Впрочем, и это не спасло от горького и заслуженного упрека. Если взглянуть на итоговую сводку работы по "польагентуре", то Мурманская область оказалась на последнем месте. На первом - Ленинградская!
А следом за приказом № 00485 приходит приказ № 00486. И снова - в ружье! "С получением настоящего приказа приступить к репрессированию жен изменников родины…"
Вот и работай! Еще с правотроцкистами не покончено, с "росовцами" зашиваются, тут тебе и польское подполье, и жены, и дети изменников родины, а после операции по полякам директива по немцам, по корейцам… С немцами еще куда ни шло, а где им в Мурманске корейца найдешь? Удалось немножко китайцев наскрести, оставшихся после строительства "мурманки", сошли за корейцев. А следом директива по перебежчикам…

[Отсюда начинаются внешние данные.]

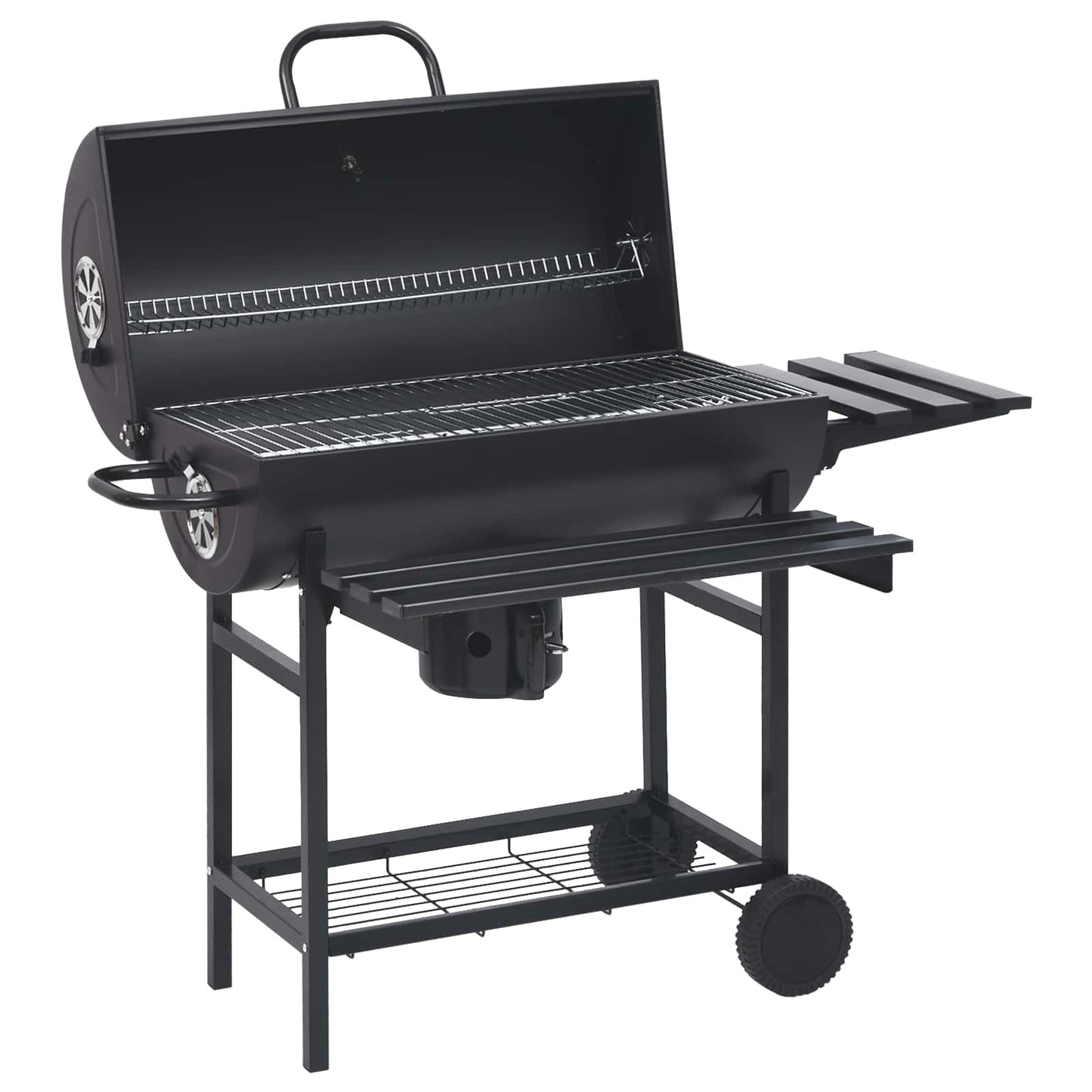Barrel Grill with Wheels and Shelves 3 pcs 115 x 85 x 95 cm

- Я тебе какую вещь хочу сказать, - перевел дыхание и перешел к главной мысли сержант Шитиков. - Если Глицинская - польская шпионка, неужели она не вращала своим мужем, а? Полячки, они знаешь какие? О-го-го! А что Алдымов? Интеллигенция. У них баба всегда на первом месте. - Начальник четвертого отдела уже сам верил и тому, что жена Алдымова полячка, а уж что шпионка, так и к гадалке не ходи!

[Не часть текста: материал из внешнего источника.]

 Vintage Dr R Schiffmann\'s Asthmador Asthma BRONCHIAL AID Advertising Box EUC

- Алдымов, Алдымов?.. Директор краеведческого? - спросил Иван Михайлович. - Третью берем?
- Уверен, что он и к тебе в Ловозеро наведывался… Третью не берем. Еще по сто грамм, и точка… Ну, ладно, по сто пятьдесят… Очень у него должность удобная, подвижная должность, он и в Мурманске-то почти не живет, все больше набегами…
О том, что Алдымов не живет постоянно в своем доме, сержант госбезопасности Шитиков знал прекрасно.

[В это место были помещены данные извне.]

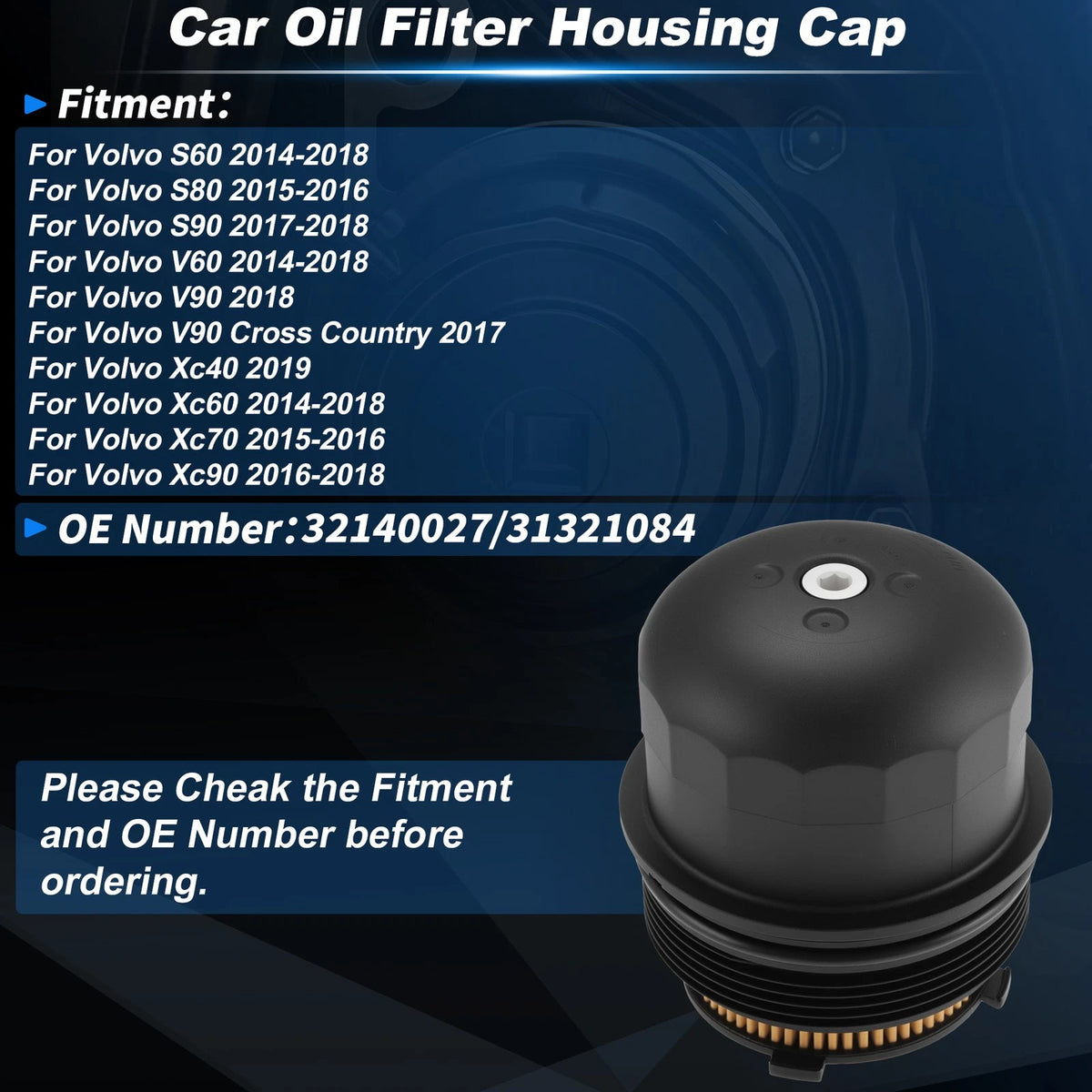 Car Oil Filter Housing Cap for Volvo S60 (2014–2018) 32140027 Plastic Black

Да, испытывая серьезные жилищные неудобства, сержант Шитиков обратил свой взгляд, ищущий приюта и тепла, на дом номер четыре по улице Красной, в поселке Колонистов, через который ходил на службу и со службы. Место хорошее, высокое, весь город как на ладони. И от Управления НКВД недалеко. Дом небольшой, по жилконторским книгам - шестьдесят семь квадратных метров, но добротный, личная собственность Алдымовых. Построен всего-то девять лет назад на кредит, полученный в Потребсоюзе. Три года как кредит выплачен полностью. Живут всего трое… Теперь вот и вовсе двое…
В соответствии с директивой НКВД СССР у осужденных по ряду статей, в том числе и 58-9, 58–10, 58–11 и т. д., конфискуется имущество, лично принадлежавшее осужденному. А полдома как конфискуешь? Надо этот вопрос как-то дожимать.
- Ты приглядись к этому Алдымову, у него, как у нас говорят, повышенный интерес к саамам.
- Если на музее сидит, небось по должности интересуется, - бесстрастно произнес Михайлов и для верности разлил принесенный в графинчике коньяк по рюмкам. Он чутким своим нутром понимал, что Шитиков чего-то не договаривает, но проявлять любопытство не считал нужным, сам скажет, раз ему что-то надо.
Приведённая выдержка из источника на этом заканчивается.